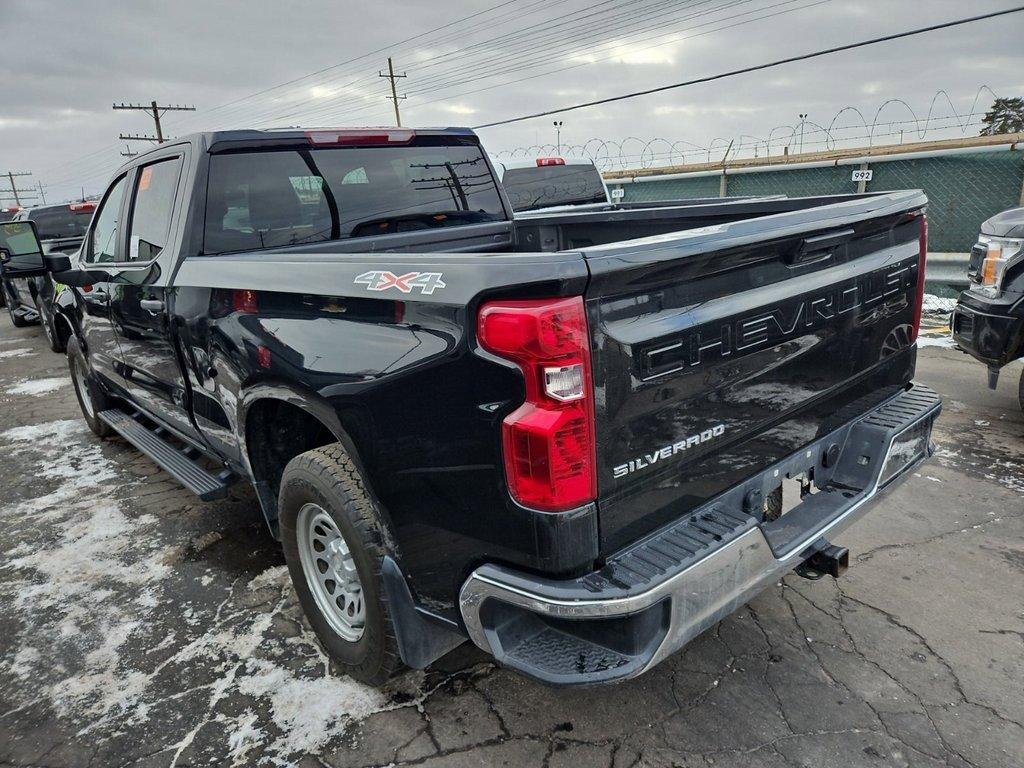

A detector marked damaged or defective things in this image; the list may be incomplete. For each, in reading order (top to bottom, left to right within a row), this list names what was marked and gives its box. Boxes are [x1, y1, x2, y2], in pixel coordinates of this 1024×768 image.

cracked asphalt pavement [0, 313, 1019, 768]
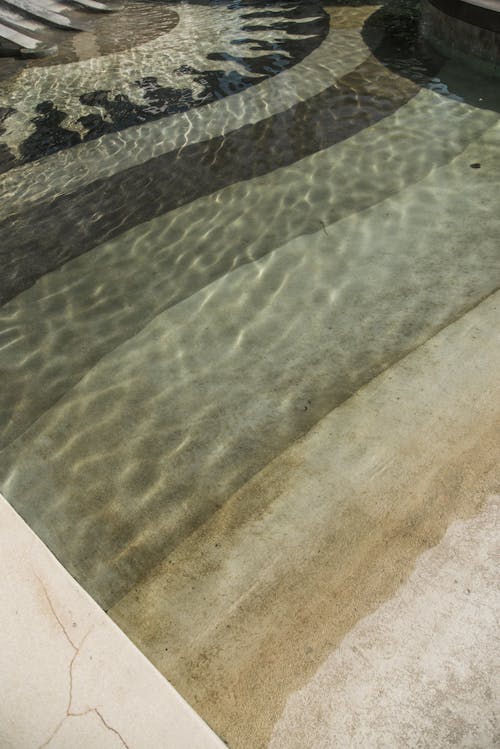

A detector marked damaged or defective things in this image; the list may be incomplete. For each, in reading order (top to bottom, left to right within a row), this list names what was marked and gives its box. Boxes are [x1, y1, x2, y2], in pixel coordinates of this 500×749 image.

cracked concrete surface [0, 496, 225, 748]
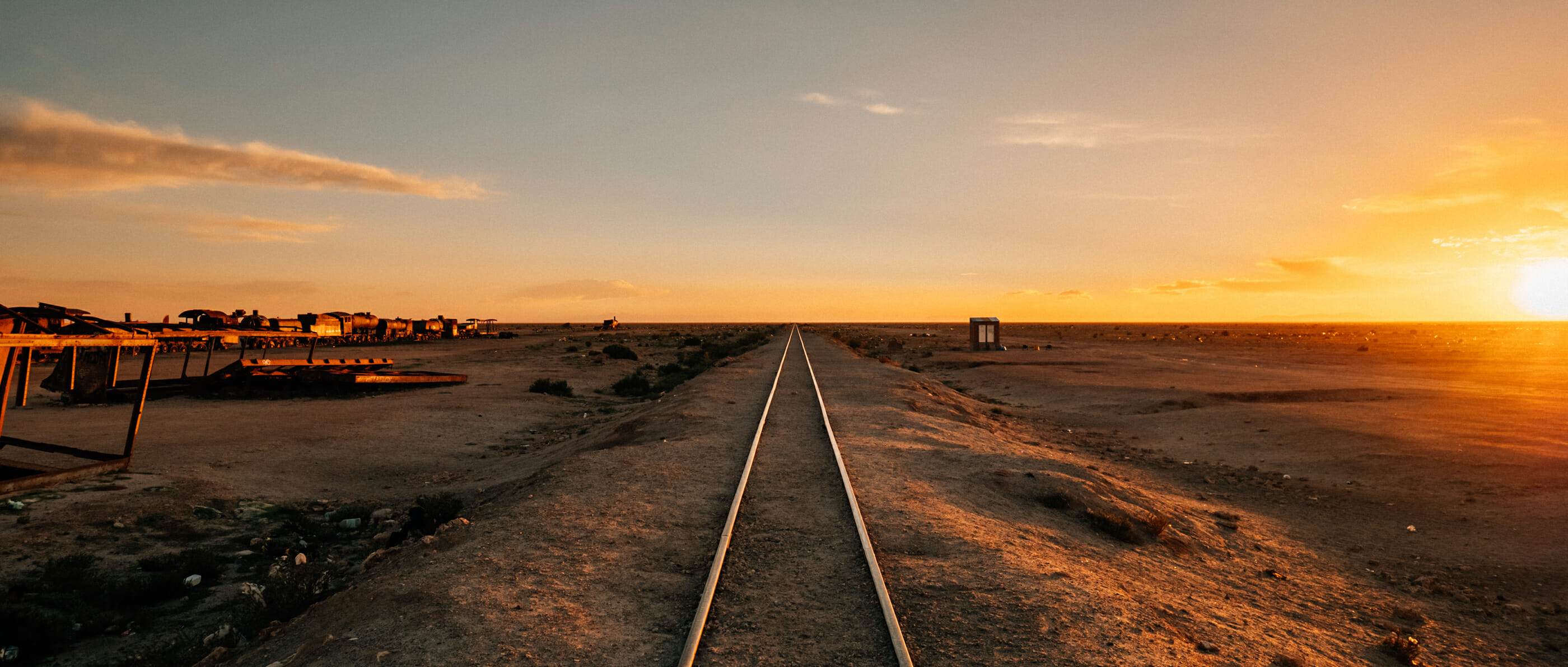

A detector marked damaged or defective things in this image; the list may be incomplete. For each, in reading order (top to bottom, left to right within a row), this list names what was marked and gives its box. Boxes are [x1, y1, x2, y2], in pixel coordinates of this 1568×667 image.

rusty metal frame structure [0, 323, 318, 492]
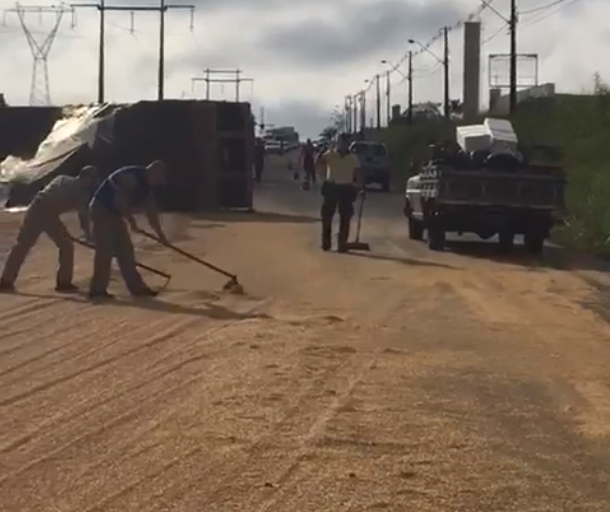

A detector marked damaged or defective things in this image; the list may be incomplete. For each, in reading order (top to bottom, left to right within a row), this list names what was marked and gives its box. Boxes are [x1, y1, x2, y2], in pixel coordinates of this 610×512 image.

overturned truck trailer [1, 99, 253, 211]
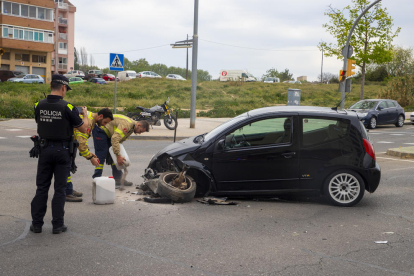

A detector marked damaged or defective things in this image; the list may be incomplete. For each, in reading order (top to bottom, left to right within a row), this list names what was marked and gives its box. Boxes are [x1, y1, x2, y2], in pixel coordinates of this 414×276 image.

damaged black car [144, 106, 380, 206]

_____

Print the material above exactly as it appears, but not its pictures.

#### Answer section
A detector marked damaged or defective things in this image; the list may be incomplete. For each, in reading order (top to bottom, left to right within a row), this list names what was marked and gives its box. Boxes are [x1, y1, x2, y2], in pixel coordinates of this 1024×768 image.

cracked asphalt pavement [0, 313, 1019, 768]

A detector marked damaged or defective things in this image; the list may be incomplete. For each, in reading order (top to bottom, left to right within a row), this list names what was marked and gives its box. Boxes are [x1, y1, x2, y2], in pixel coordinates of this 500×749 image.

cracked concrete surface [0, 496, 225, 748]

A detector marked damaged or defective things in this image; the list may be incomplete. For each, in reading order (top to bottom, left to right within a row), this list names what was marked and gives its box. Boxes are [x1, y1, x2, y2], in pixel coordinates of this 1568×667 image.

rusty metal frame structure [0, 323, 318, 492]

A detector marked damaged or defective things in this image; the list may be incomplete. For each, in reading order (top to bottom, left to right within a row), this list names what was marked and gives its box. Boxes are [x1, y1, x2, y2], in pixel coordinates of this 610×512 image.

overturned truck trailer [1, 99, 253, 211]

A detector marked damaged or defective things in this image; the list may be incomplete. For each, in reading order (top to bottom, left to right within a row), this list names what was marked and gives its box. Boxes are [x1, y1, x2, y2], in pixel coordinates of this 414×276 image.

damaged black car [144, 106, 380, 206]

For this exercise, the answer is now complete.